**Your goal**.
Below are records that should be duplicated exactly, with no image retained.

**Entries taken from a collection**.
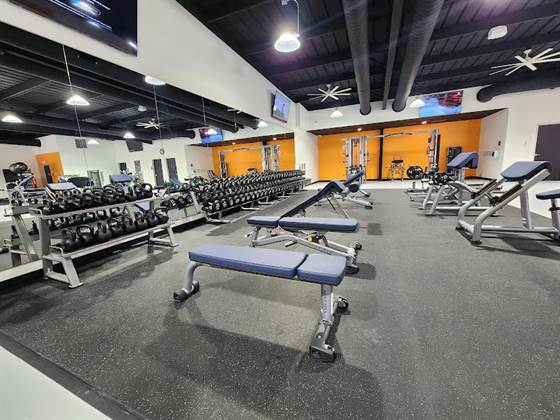 Iron 24 Fitness + Recovery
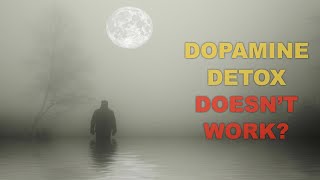 The PROBLEM with Dopamine Detox Is It Actually Worth It [upl. by Agathy]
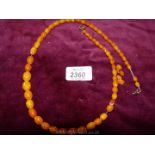 A string of Amber beads 25" long,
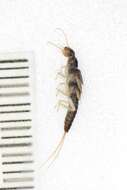 Image of Plecoptera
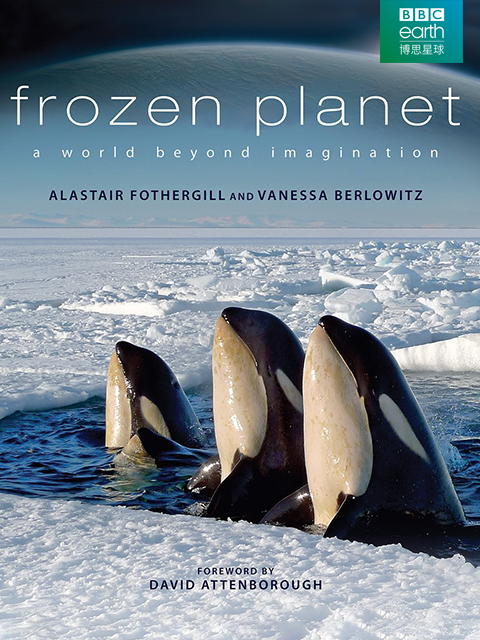 冰冻星球封面图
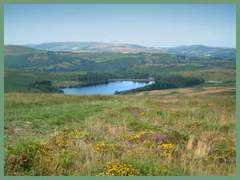 holneparishcouncil.co.uk Counil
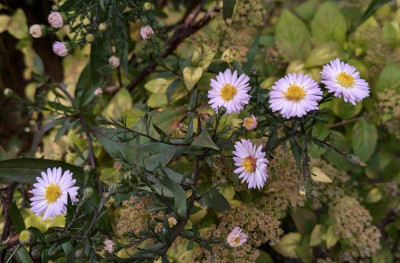 Aster_laevis-Sämling.24-1.jpg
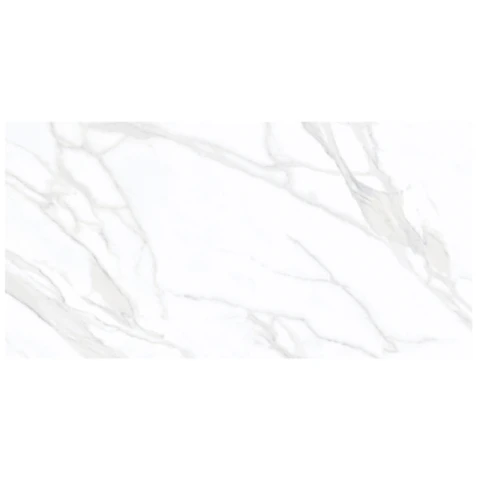 Ảnh Gạch Eurotile SIG. P4805 3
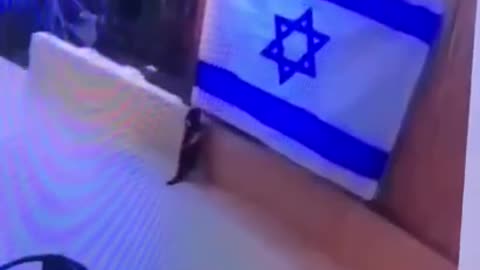 Cat pulls down terrorist Israel flag and throws it on the ground! 😂😍✋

**Answer section**.
 Iron 24 Fitness + Recovery
 The PROBLEM with Dopamine Detox Is It Actually Worth It [upl. by Agathy]
 A string of Amber beads 25" long,
 Image of Plecoptera
 冰冻星球封面图
 holneparishcouncil.co.uk Counil
 Aster_laevis-Sämling.24-1.jpg
 Ảnh Gạch Eurotile SIG. P4805 3
 Cat pulls down terrorist Israel flag and throws it on the ground! 😂😍✋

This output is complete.